«L’allegro mese di maggio»: un invito a cogliere lo spirito del tempo

di Peter Linebaugh e David Roediger

La morte per peste è personificata in questa citazione: «Uomini, donne e bambini sono caduti prima di lui; le case sono state saccheggiate, le strade devastate, le belle fanciulle gettate sui letti e colpite dalla malattia; i forzieri dei ricchi si sono spalancati, e sono stati condivisi tra gli eredi prodighi e i servitori infimi; i poveri li hanno usati pudicamente, ma senza pietà; la peste ha fatto molto male, eppure alcuni dicono che ha fatto molto bene».

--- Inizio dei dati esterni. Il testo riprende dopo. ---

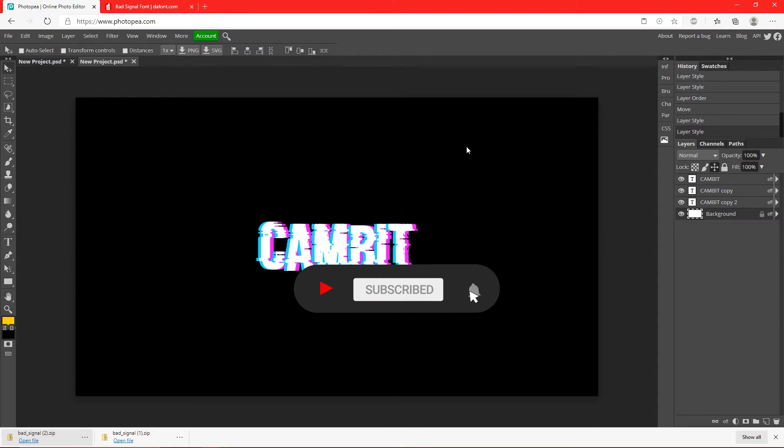If it did, leave a like and subscribe. Check out my other videos, and I'll see you guys in the next one. Peace.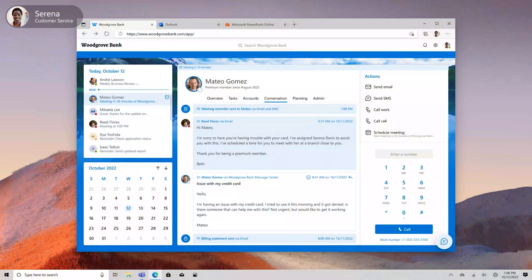You can also embed Teams experiences into your app. What we're covering next will illustrate exactly how this works. Let's start with an example. Here, you can see a CRM app used by a fictional company, Woodgrove Bank.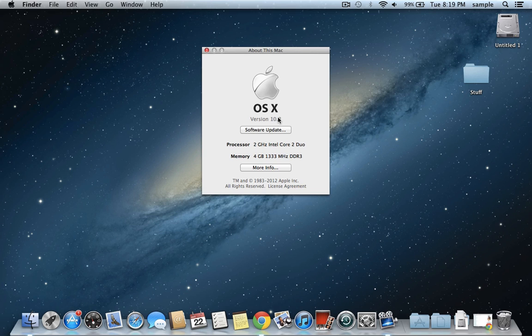So like 10.8 is known as Mountain Lion. If you have like 10.6, then that's Snow Leopard.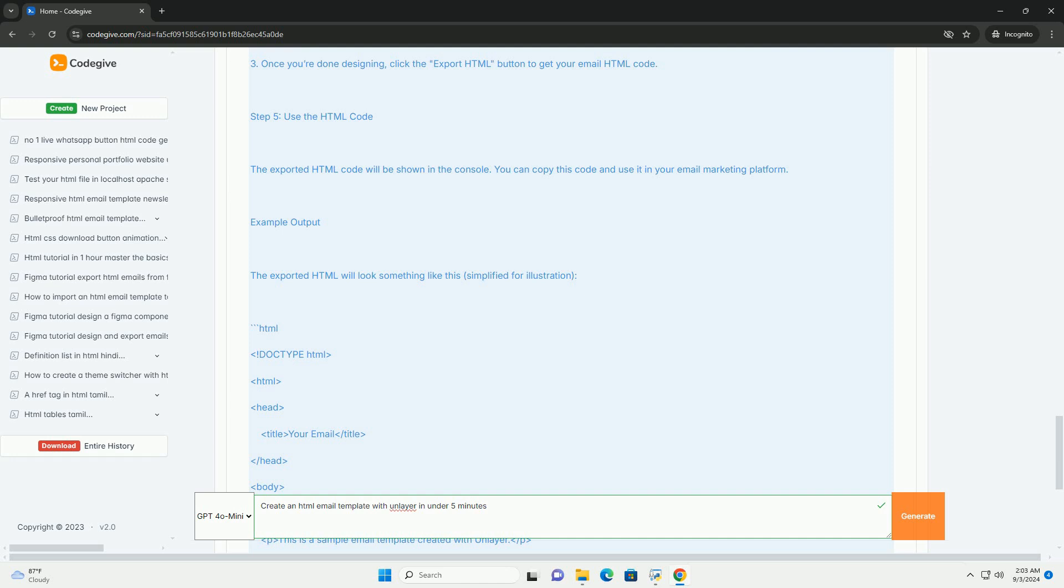you can preview the email in different formats to ensure it looks great on various devices. Finally, the template can be exported as Aknul code or integrated directly with email marketing platforms, making it a quick and efficient solution for creating visually appealing emails.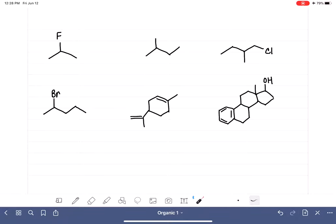Let's practice finding the chiral carbons, the stereocenters, or the chirality centers in these six molecules. Before we get started, we're going to put together a list of rules to keep in mind as we're looking. I like to call these chiral carbons, but it's the same thing as a stereocenter or a chirality center.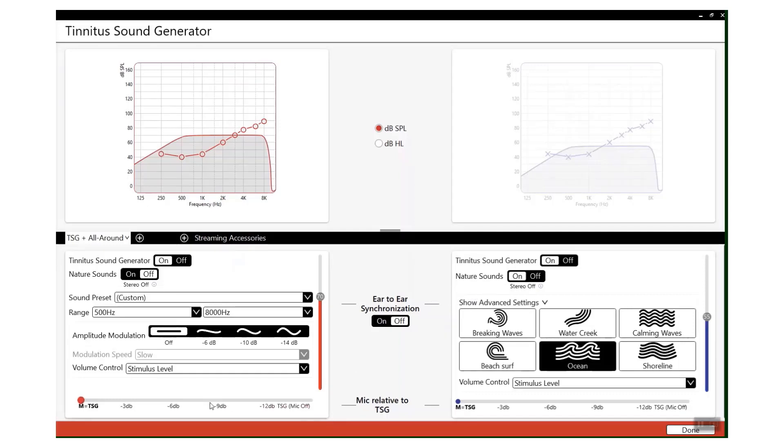You can increase the mic relative to the tinnitus sound generator. So you can reduce the amount of input coming from the mics and increase the amount of input coming from the tinnitus sound generator.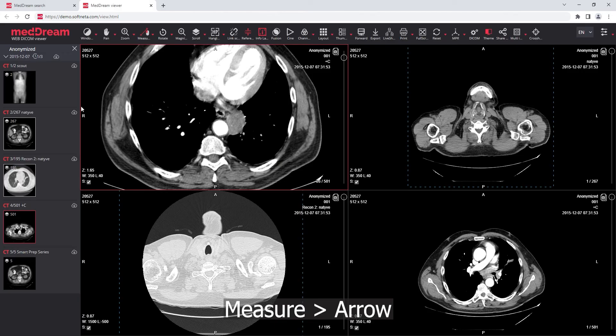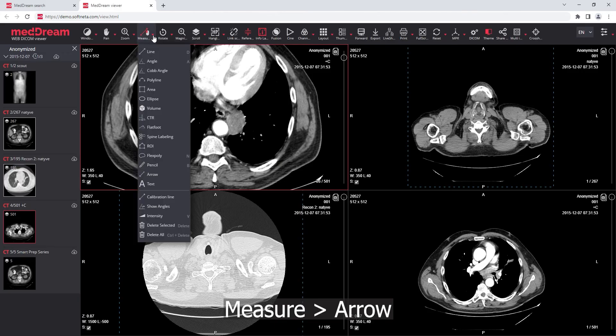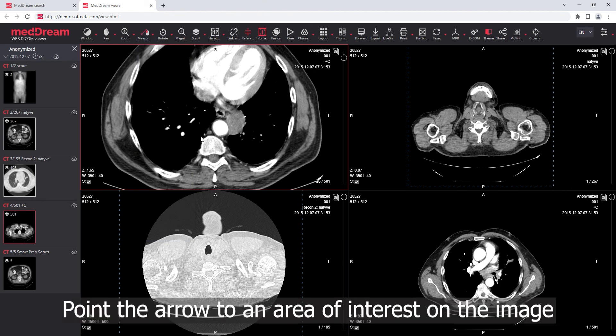Arrow Pointer: mark an area of interest on the image. Choose the arrow tool from the measure menu and point the arrow to an area of interest on the image.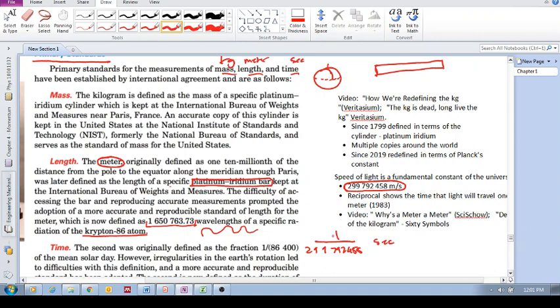So the meter is defined as the length that light travels in this many seconds. So again, I'd just like to impress this upon you.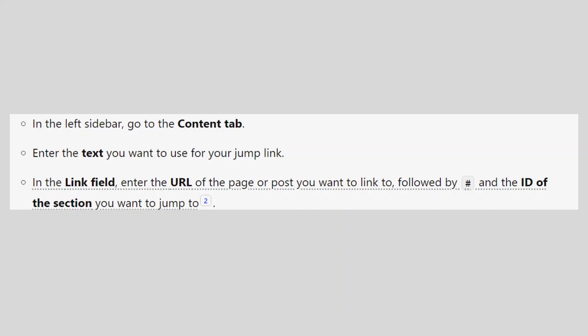Enter the text you want to use for your jump link. In the link field, enter the URL of the page or post you want to link to, followed by the hashtag and the ID of the section you want to jump to.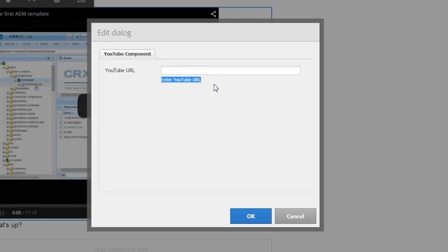Remember, we need to add the logic to capture the URL entered here to update the web page. We will see how to accomplish that in the next session. Thank you so much for watching.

Così scriveva Thomas Dekker in L’anno meraviglioso (1603), quando la regina Elisabetta e altre 35.000 persone morirono a Londra a causa della peste bubbonica. Il vettore era un agente patogeno trasportato da una pulce che viveva su un ratto e viaggiava su una nave proveniente da un luogo lontano. Era un anno di globalizzazione per il capitalismo mercantile. La nave della Compagnia delle Indie Orientali tornò con un milione di libbre di pepe, l’Otello di Shakespeare è stato rappresentato per la prima volta e il sultano ottomano Maometto III è deceduto a causa della peste. Dekker scrisse della malavita londinese e ne sapeva qualcosa, avendo passato sette anni in prigione per debiti. Avendo tirato su un po’ di soldi come bizzarro giornalista, L’anno meraviglioso è stato il primo dei suoi «opuscoli della peste».
Quattro anni prima la sua commedia La vacanza del calzolaio, ovvero il mestiere delicato era stata portata in scena dalla compagnia teatrale The Admiral’s Men. Contiene la ballata che recita:
O mese di maggio, l’allegro mese di maggio,
Così allegro, così gaio, e così verde, così verde, così verde!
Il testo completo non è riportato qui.